Une mise en demeure, qui entraîne des conséquences juridiques dans la perspective d’un procès, ne saurait être assimilée à du harcèlement, pas plus que le fait de tenter une démarche amiable préalablement à une instance judiciaire, quand bien même cela a pu être vécu comme tel.
Il sera en outre relevé qu’il n’est rapporté aucun préjudice particulier.
La demande sera en conséquence, rejetée.
Sur les frais du procès
En application des articles 696 et 700 du code de procédure civile, la partie perdante est condamnée aux dépens, à moins que le juge, par décision motivée, n’en mette la totalité ou une fraction à la charge d’une partie. Elle peut également être condamnée à payer à l’autre une somme que le juge détermine au titre des frais exposés et non compris dans les dépens. A cet égard, le juge tient compte, dans tous les cas, de l’équité ou de la situation économique de la partie condamnée.
Partie ayant succombé au sens de ces dispositions, la société Antarius sera condamnée aux dépens.

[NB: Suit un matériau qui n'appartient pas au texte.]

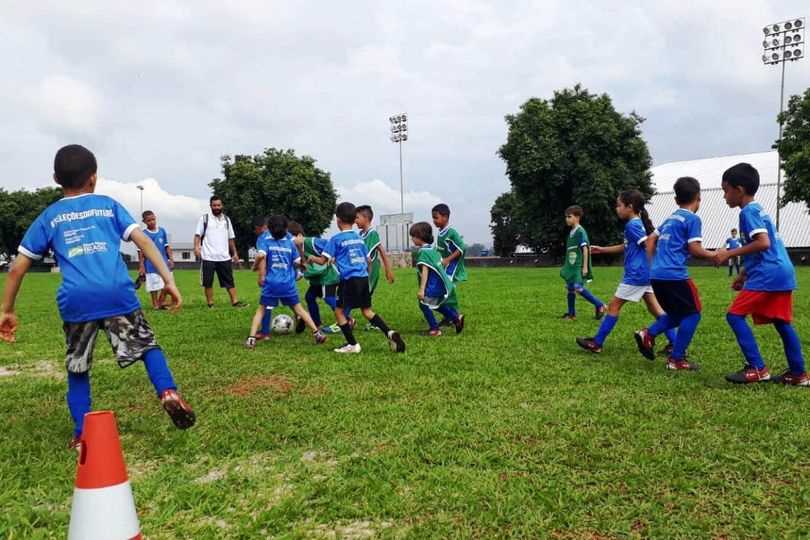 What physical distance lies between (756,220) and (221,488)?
14.8ft

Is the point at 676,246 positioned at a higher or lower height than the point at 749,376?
higher

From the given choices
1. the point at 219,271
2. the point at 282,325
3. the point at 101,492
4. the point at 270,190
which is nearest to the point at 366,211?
the point at 282,325

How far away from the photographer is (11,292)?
3.49 meters

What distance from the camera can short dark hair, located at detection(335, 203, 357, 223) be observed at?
686 cm

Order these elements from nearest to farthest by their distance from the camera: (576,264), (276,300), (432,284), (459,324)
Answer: (276,300)
(459,324)
(432,284)
(576,264)

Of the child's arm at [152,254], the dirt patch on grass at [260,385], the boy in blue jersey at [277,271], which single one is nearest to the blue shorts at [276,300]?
the boy in blue jersey at [277,271]

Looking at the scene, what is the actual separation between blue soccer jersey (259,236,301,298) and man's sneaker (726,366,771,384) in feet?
16.1

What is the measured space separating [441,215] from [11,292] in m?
5.78

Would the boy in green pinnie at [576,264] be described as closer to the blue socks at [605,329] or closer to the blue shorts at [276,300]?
the blue socks at [605,329]

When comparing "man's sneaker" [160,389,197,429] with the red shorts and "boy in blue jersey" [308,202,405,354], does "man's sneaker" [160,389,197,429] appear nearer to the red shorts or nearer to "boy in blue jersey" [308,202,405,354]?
"boy in blue jersey" [308,202,405,354]

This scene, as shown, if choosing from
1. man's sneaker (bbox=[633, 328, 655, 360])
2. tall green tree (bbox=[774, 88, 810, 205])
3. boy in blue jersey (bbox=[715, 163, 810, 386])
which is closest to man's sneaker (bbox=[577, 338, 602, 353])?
man's sneaker (bbox=[633, 328, 655, 360])

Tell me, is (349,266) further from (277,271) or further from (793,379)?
(793,379)

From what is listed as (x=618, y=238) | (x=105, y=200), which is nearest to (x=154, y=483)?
(x=105, y=200)

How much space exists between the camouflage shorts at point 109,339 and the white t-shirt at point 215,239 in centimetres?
764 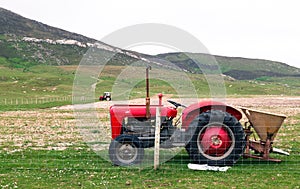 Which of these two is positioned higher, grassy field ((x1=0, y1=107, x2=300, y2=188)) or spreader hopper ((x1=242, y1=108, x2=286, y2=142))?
spreader hopper ((x1=242, y1=108, x2=286, y2=142))

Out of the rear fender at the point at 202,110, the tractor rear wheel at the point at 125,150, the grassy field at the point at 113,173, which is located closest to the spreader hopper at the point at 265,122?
the rear fender at the point at 202,110

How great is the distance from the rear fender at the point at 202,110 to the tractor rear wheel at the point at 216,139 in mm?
402

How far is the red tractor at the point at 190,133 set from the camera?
12570mm

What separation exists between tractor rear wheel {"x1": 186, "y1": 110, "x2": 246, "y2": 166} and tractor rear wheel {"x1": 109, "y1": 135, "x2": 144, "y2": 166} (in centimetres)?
170

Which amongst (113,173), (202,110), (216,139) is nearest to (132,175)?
(113,173)

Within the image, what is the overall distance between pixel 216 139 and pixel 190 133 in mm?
855

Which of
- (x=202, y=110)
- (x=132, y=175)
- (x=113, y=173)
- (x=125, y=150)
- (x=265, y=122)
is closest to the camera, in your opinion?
(x=132, y=175)

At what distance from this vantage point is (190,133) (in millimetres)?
12719

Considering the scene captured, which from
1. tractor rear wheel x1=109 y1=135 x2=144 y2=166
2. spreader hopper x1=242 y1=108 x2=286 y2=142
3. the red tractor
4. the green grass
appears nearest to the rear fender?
the red tractor

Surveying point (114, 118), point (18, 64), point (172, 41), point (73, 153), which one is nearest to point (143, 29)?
point (172, 41)

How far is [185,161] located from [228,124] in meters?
2.02

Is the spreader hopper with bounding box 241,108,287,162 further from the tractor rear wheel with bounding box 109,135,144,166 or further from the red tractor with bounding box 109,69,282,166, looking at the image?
the tractor rear wheel with bounding box 109,135,144,166

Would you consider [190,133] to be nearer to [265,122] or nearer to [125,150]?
[125,150]

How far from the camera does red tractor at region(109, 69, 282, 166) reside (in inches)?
495
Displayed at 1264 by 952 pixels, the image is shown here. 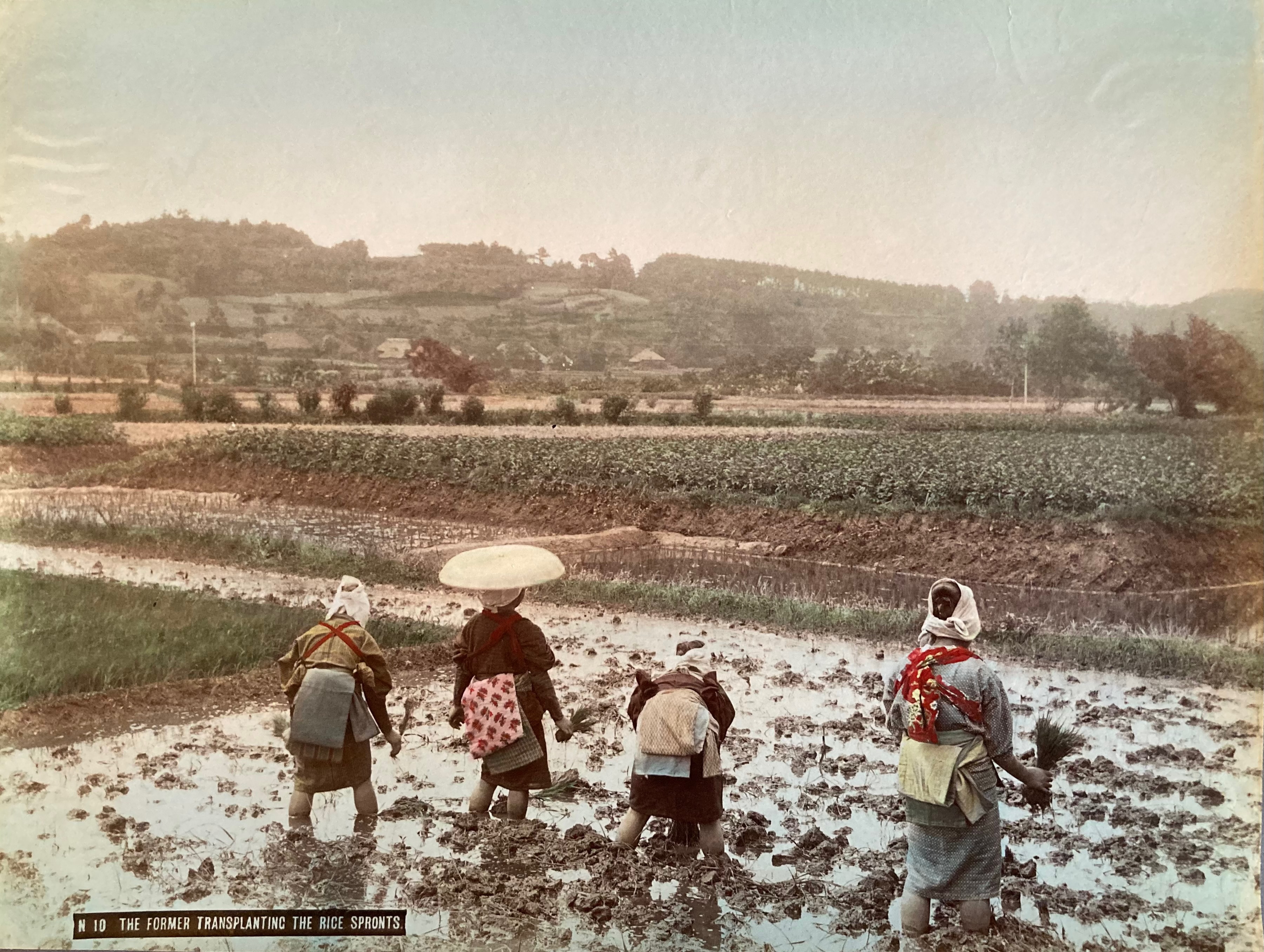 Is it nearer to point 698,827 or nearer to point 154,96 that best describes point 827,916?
point 698,827

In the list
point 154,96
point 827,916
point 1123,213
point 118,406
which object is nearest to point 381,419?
point 118,406

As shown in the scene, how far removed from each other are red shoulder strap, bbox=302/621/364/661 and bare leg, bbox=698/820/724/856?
1750 millimetres

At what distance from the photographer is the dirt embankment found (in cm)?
538

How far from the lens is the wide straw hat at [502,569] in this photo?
4.86m

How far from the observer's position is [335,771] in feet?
15.9

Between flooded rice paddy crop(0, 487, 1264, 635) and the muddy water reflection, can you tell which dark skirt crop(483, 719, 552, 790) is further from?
flooded rice paddy crop(0, 487, 1264, 635)

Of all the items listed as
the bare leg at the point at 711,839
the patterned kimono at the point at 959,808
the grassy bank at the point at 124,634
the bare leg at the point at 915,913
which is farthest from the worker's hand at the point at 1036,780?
the grassy bank at the point at 124,634

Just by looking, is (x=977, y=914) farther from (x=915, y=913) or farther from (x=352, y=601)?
(x=352, y=601)

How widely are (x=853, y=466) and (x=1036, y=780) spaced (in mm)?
2129

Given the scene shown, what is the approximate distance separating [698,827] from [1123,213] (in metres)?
3.77

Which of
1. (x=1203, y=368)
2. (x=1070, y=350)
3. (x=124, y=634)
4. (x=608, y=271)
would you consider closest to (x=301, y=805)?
(x=124, y=634)

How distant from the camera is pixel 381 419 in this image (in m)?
5.91

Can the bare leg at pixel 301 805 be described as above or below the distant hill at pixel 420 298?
below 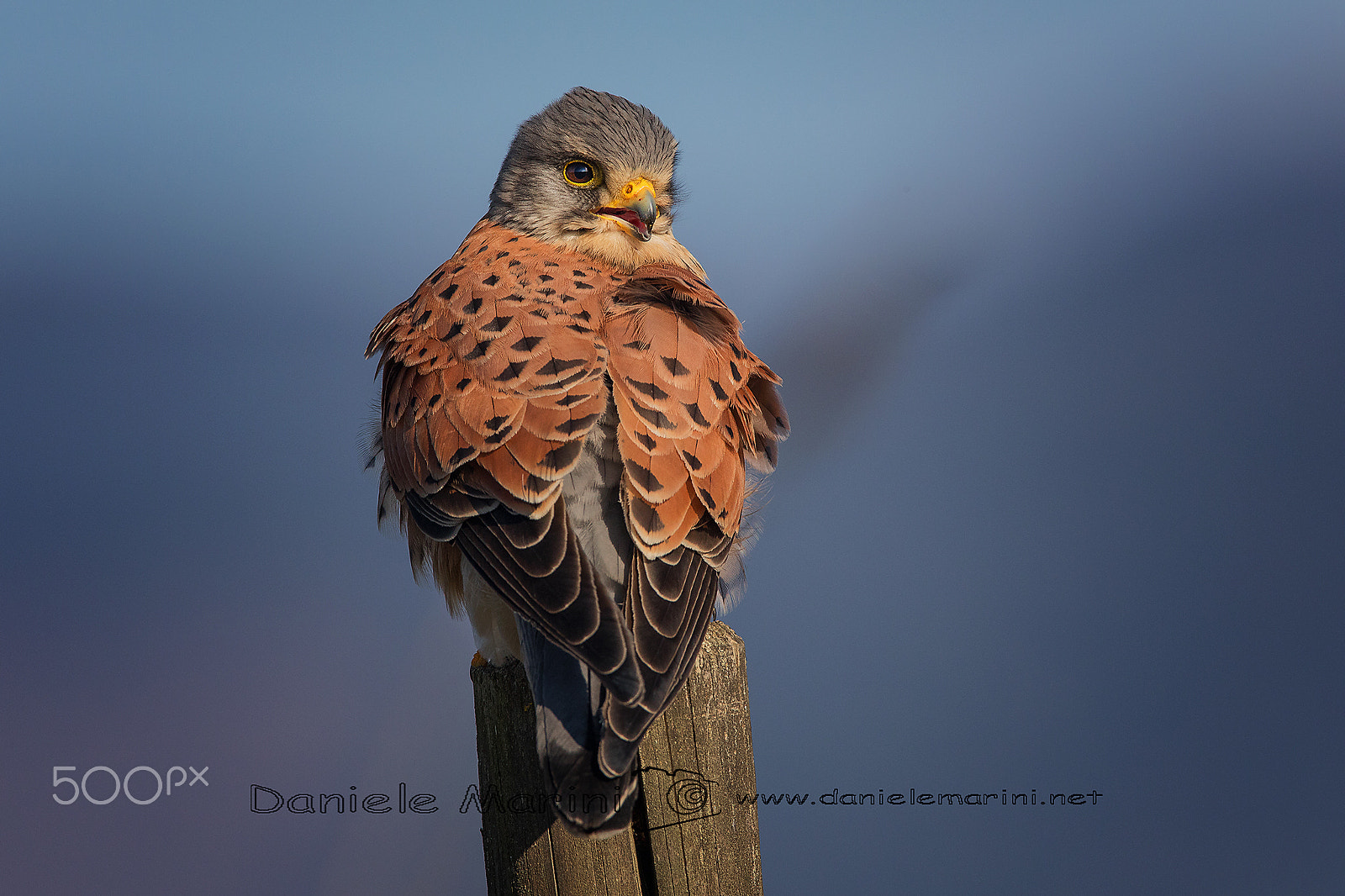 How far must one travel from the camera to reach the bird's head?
104 inches

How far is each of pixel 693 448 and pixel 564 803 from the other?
74cm

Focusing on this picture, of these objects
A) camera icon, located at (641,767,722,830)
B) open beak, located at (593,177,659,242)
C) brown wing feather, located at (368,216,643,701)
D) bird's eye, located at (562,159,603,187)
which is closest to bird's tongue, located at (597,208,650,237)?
open beak, located at (593,177,659,242)

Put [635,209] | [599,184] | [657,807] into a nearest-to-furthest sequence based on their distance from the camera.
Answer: [657,807] < [635,209] < [599,184]

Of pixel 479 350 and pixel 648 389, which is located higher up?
pixel 479 350

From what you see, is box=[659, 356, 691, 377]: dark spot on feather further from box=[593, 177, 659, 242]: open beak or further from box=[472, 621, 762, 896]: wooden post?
box=[593, 177, 659, 242]: open beak

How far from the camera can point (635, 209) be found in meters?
2.66

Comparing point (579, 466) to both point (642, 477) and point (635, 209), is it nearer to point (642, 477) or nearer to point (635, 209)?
point (642, 477)

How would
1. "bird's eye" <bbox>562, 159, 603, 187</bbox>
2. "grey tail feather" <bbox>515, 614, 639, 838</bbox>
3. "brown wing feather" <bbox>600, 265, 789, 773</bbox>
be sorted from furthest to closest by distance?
"bird's eye" <bbox>562, 159, 603, 187</bbox> → "brown wing feather" <bbox>600, 265, 789, 773</bbox> → "grey tail feather" <bbox>515, 614, 639, 838</bbox>

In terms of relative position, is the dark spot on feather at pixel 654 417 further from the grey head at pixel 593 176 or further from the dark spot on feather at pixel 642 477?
the grey head at pixel 593 176

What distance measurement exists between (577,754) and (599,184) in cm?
180

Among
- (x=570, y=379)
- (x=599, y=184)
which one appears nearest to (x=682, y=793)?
(x=570, y=379)

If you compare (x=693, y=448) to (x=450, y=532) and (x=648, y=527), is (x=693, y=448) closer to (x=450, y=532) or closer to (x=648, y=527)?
(x=648, y=527)

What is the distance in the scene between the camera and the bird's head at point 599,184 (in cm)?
264

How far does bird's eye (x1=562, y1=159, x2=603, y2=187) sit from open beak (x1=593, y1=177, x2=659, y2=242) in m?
0.10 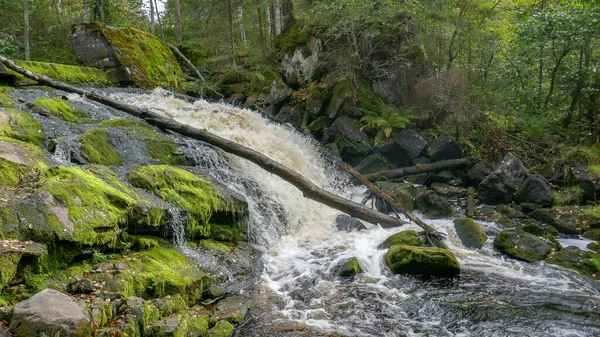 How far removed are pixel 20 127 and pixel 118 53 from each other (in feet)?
35.9

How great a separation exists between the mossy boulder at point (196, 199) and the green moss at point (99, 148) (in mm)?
1175

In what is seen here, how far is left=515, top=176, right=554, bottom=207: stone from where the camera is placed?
10977 mm

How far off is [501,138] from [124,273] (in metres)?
12.4

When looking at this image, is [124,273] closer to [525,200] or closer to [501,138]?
[525,200]

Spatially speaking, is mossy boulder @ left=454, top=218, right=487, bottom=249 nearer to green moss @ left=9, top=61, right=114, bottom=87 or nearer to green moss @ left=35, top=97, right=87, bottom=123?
green moss @ left=35, top=97, right=87, bottom=123

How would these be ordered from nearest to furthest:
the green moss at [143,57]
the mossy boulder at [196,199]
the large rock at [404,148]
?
1. the mossy boulder at [196,199]
2. the large rock at [404,148]
3. the green moss at [143,57]

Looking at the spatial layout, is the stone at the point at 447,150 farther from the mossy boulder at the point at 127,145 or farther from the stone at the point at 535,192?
the mossy boulder at the point at 127,145

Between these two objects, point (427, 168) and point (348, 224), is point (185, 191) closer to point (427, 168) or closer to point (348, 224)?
point (348, 224)

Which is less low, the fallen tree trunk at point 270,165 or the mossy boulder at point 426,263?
the fallen tree trunk at point 270,165

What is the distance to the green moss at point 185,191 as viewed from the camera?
24.4 feet

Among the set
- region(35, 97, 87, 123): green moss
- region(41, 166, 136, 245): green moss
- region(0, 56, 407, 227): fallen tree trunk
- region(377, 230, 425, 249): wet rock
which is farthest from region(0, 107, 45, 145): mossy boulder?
region(377, 230, 425, 249): wet rock

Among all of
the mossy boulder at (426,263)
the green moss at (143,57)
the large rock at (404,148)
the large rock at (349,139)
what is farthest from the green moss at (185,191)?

Elle sera également condamnée à payer à Mme [P] [H] la somme de 1.500 euros au titre de l’article 700 du code de procédure civile.
Sa demande au titre des frais irrépétibles sera rejetée.
PAR CES MOTIFS
Le Tribunal, statuant publiquement, après débats en audience publique, par jugement contradictoire, prononcé par mise à disposition au greffe et rendu en premier ressort ;
DEBOUTE la SA Antarius de sa demande en répétition de l’indu ;
DECLARE Mme [P] [U] épouse [H] irrecevable en sa demande d’amende civile ;
LA DEBOUTE de sa demande de dommages et intérêts ;
CONDAMNE la SA Antarius aux dépens ;
CONDAMNE la SA Antarius à payer à Mme [P] [U] épouse [H] la somme de 1.500 euros au titre de l’article 700 du code de procédure civile ;
REJETTE la demande au titre des frais irrépétibles formulée par la SA Antarius.